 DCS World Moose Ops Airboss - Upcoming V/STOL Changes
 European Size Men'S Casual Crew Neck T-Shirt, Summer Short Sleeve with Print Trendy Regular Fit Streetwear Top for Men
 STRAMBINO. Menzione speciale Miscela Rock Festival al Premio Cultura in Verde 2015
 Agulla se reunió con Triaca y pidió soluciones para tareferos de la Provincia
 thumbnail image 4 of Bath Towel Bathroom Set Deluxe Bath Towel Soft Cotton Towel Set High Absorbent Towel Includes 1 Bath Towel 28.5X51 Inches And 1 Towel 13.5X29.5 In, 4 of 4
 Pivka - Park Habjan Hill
==
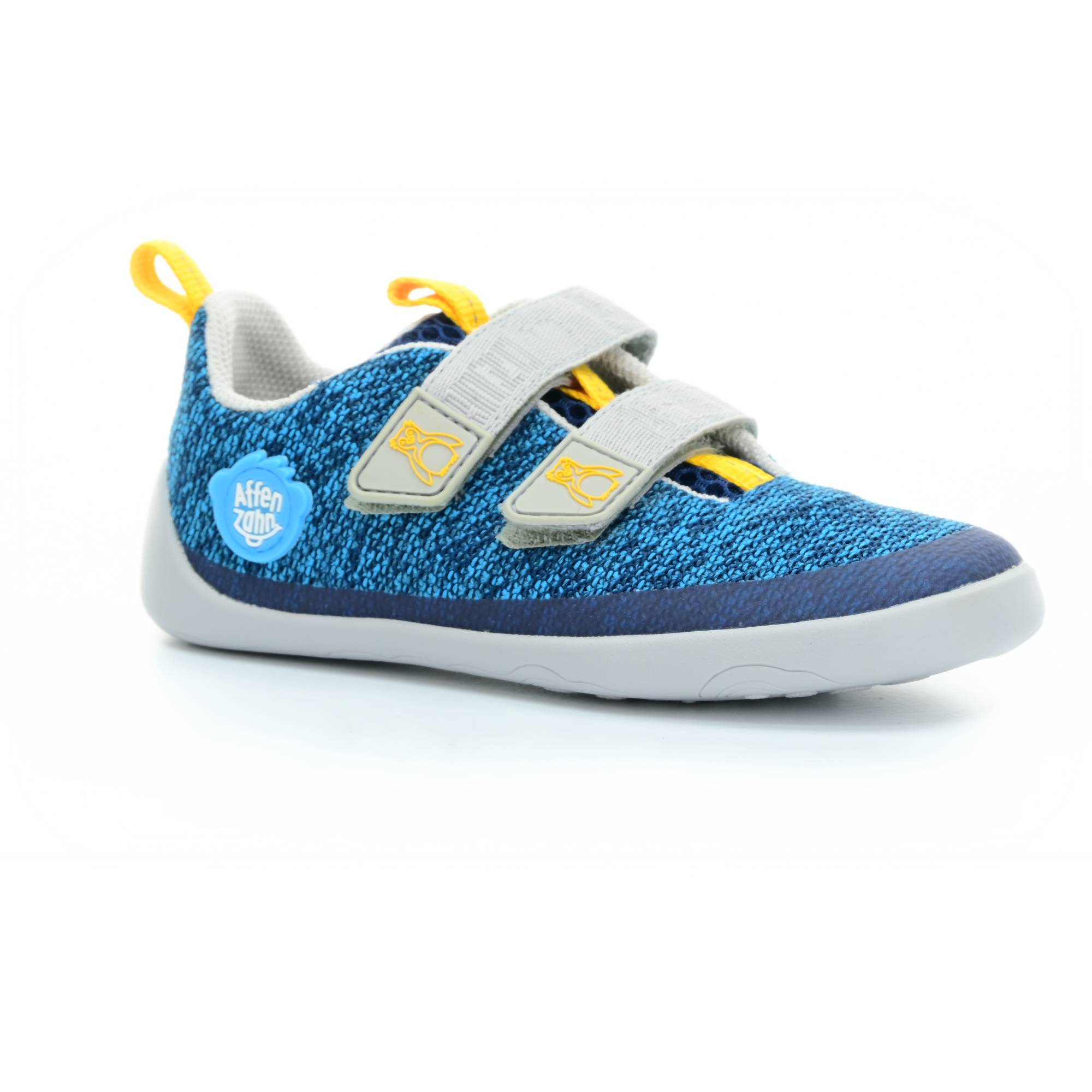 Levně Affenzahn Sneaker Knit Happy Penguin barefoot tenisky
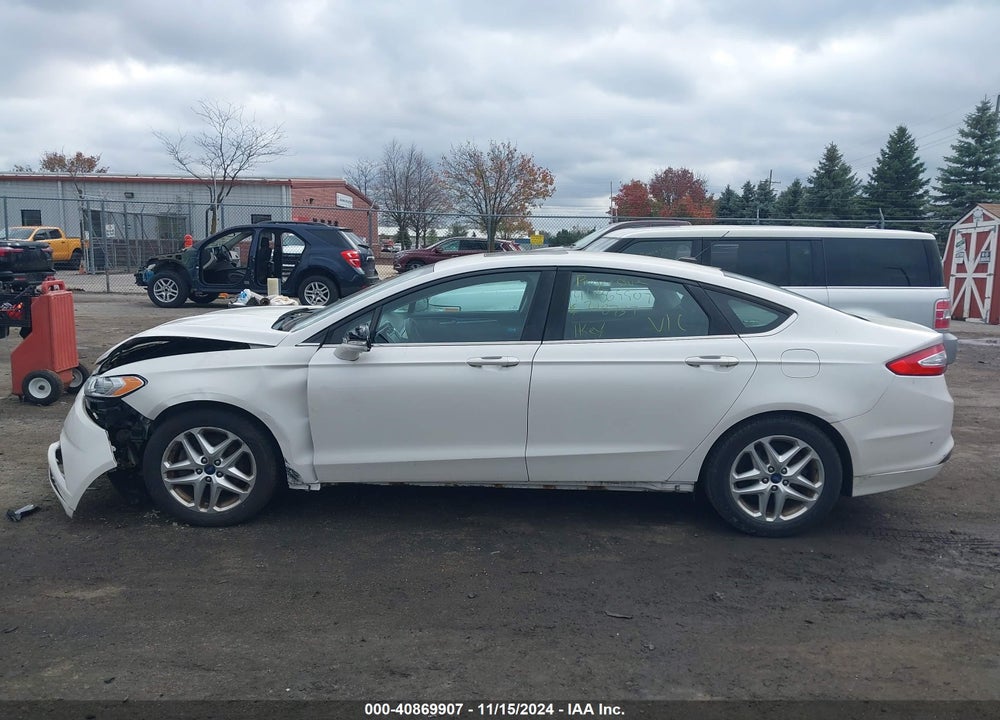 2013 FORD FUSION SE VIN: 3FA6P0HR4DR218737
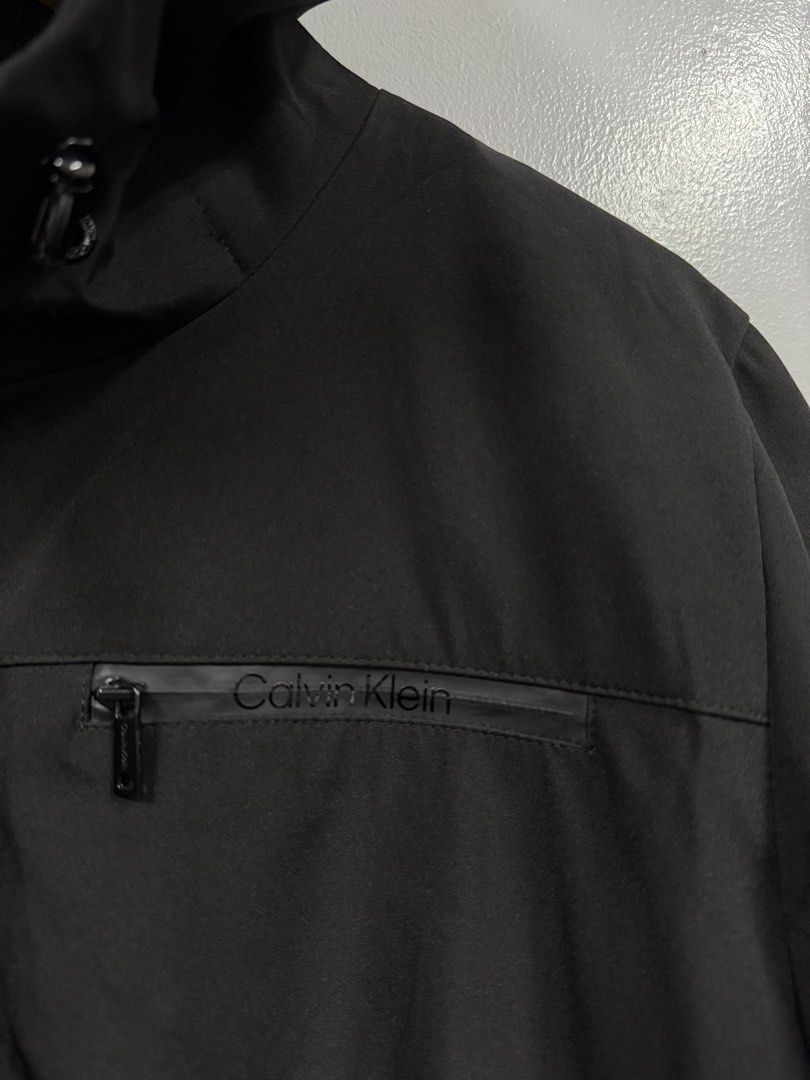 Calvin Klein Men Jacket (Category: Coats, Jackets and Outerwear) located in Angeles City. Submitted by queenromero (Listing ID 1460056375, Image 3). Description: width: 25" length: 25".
--
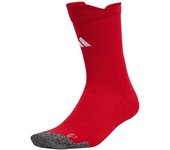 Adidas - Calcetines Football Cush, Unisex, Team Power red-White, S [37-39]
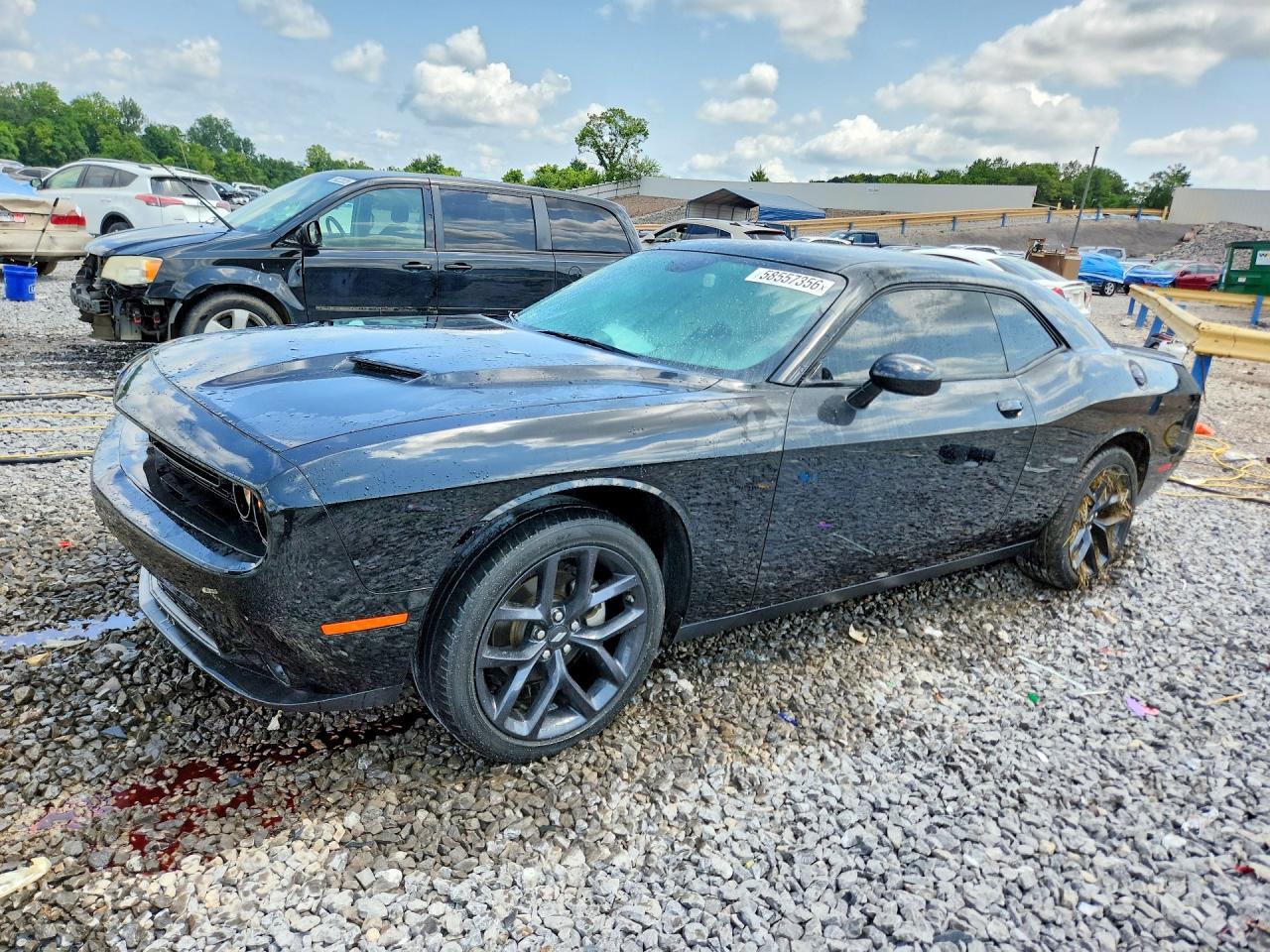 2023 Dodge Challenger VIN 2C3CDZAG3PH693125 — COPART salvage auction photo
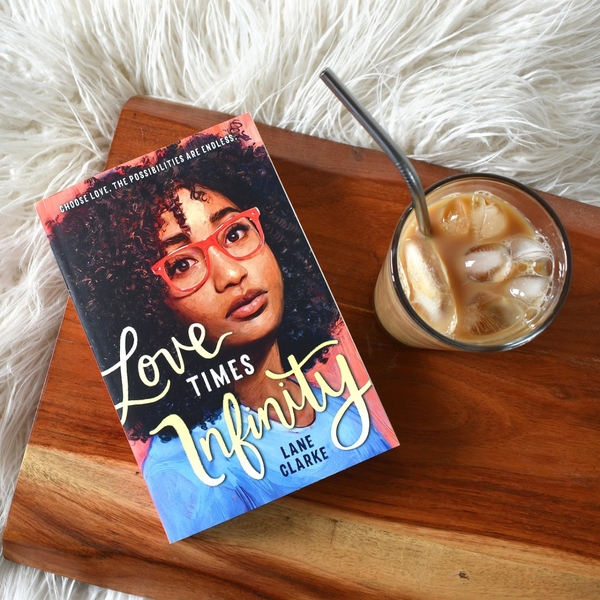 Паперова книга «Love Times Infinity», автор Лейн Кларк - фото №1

▶ Exercise brief: In the material above, the stretch from the line with "Adidas - Calcetines" through the line with "Кларк - фото №1" is to be given again exactly, minus the pictures.

▶ Answer below:
 Adidas - Calcetines Football Cush, Unisex, Team Power red-White, S [37-39]
 2023 Dodge Challenger VIN 2C3CDZAG3PH693125 — COPART salvage auction photo
 Паперова книга «Love Times Infinity», автор Лейн Кларк - фото №1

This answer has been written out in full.